"If you're bored of laptop, you're bored of life": Fred Again lifts the lid on his love of in-the-box production

fred again
(Image credit: Getty)

Producer Fred Gibson, AKA Fred Again, is rarely out of the headlines these days: when he's not wowing Zane Lowe with his insane finger-drumming skills, he's leading fans on group bike rides around London or blowing up social media with a viral Boiler Room set.

All this hubbub has sparked our curiosity, and got us wondering how exactly the Eno-endorsed producer makes his tunes. Thankfully, Fred sat down with Jamie Lidell last week for a lengthy chat about his approach to music-making, as part of Lidell's Hanging Out With Audiophiles podcast.

In the episode, Fred revealed his love of in-the-box music-making, praising the "laughably limitless" possibilities of a laptop-based set-up and jokingly coining the phrase, "if you're bored of laptop, you're bored of life." He also dove into his musical origins, discussing how after starting off with a four-track recorder when he was 10 years old, he soon progressed to the Logic-centred set-up he still uses today. 

"When I was 15, I got a laptop. So then I could do Logic every minute of every day," Fred told Jamie. "But what that meant is that by the time I met Brian [Eno] - and I know he wouldn't mind me saying this, because he said it himself - I'd spent so much time obsessed with making the laptop my main instrument, and trying to get better at it than I was at like marimba or piano, that my selling point was that I was just able to get around it so quickly, because I had just been using it every minute of every day. So I was very much set in my Logic ways by then, or my laptop ways."

Fred also recalled the moment he realized that Logic could handle MIDI instruments, after working exclusively with audio during his early experiments with the software. "My guitar teacher had Logic, and at the time, I was just used to the four-track, audio, plug the jack in, hit record. So I would use Logic in the same way. And I had my mind blown by all the plugins, and the way I could see the audio file and move things around and all that," he recounted.

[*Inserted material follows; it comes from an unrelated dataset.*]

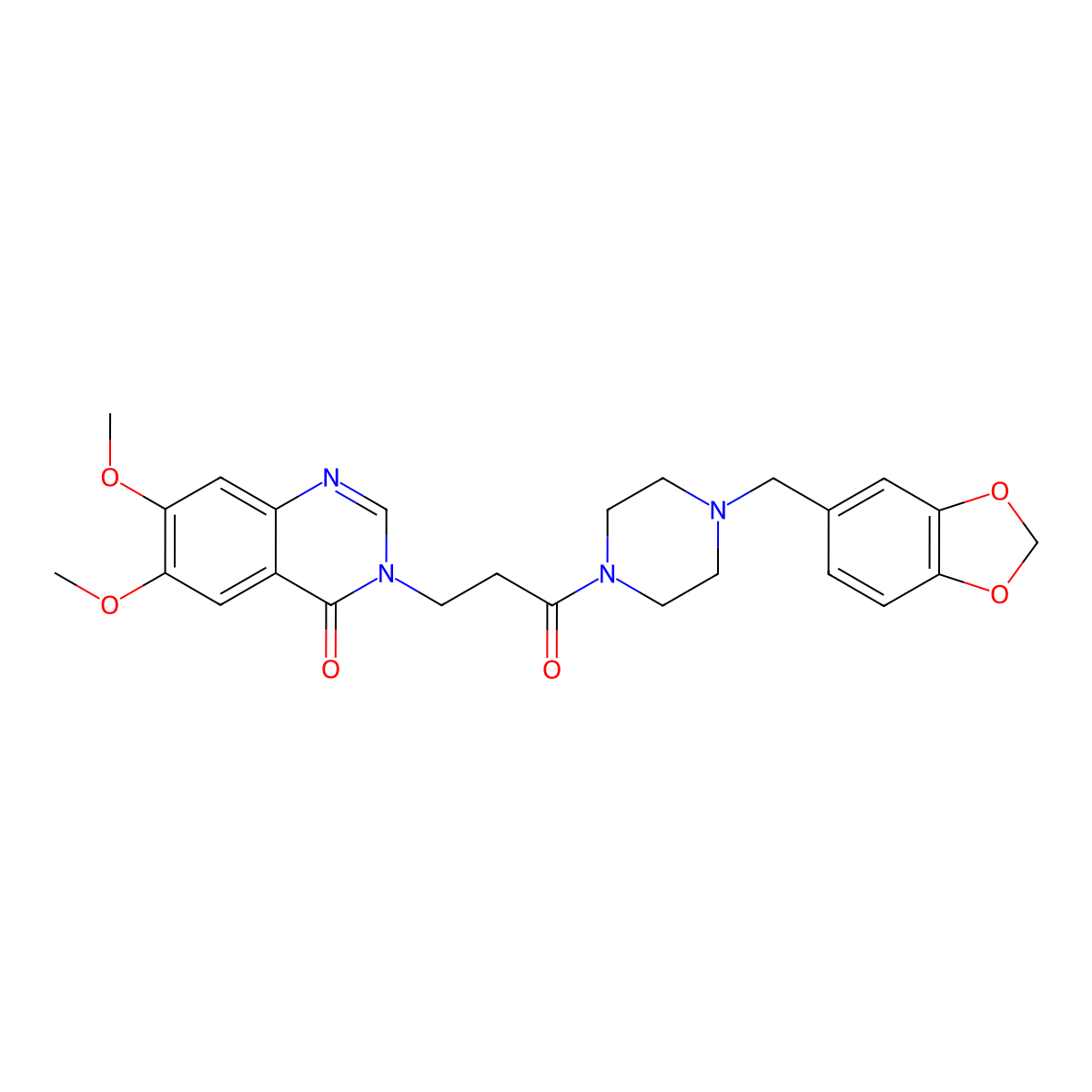 3-{3-[4-(1,3-benzodioxol-5-ylmethyl)piperazin-1-yl]-3-oxopropyl}-6,7-dimethoxyquinazolin-4(3H)-one molecular structure, CAS 1144449-64-8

"But then I remember the day that my guitar teacher just typed in 'new track', and hit software instrument. I was like... There's a whole other type of track? He was like, yeah, this is this thing called MIDI. I thought, are you mad?! Like... you can now change the individual notes and all of these sounds?! I remember that really well. I remember thinking, I really missed a trick here!" 

Fred went on to discuss his experience of collaborating with Brian Eno, who he met early on in his career at a singing group the pair both attended. "I would go to the singing group, and we'd hang out after everyone left and he'd play me a new synth plugin he'd been messing around with, or something."

"Then I would go away for a week and work for 23 hours of every day, making hundreds and thousands of ideas out of this one simple plugin, so that I could then come back in the next Tuesday and look all casual and be like: oh, yeah, remember that plugin you showed me, I messed around with it a little bit. I'd always try making that really casual, like I hadn't just been awake for 72 hours straight."

Listen to the full episode of Hanging Out With Audiophiles.

Fred Again's latest album, Actual Life 3 (January 1 - September 9 2022) is out now.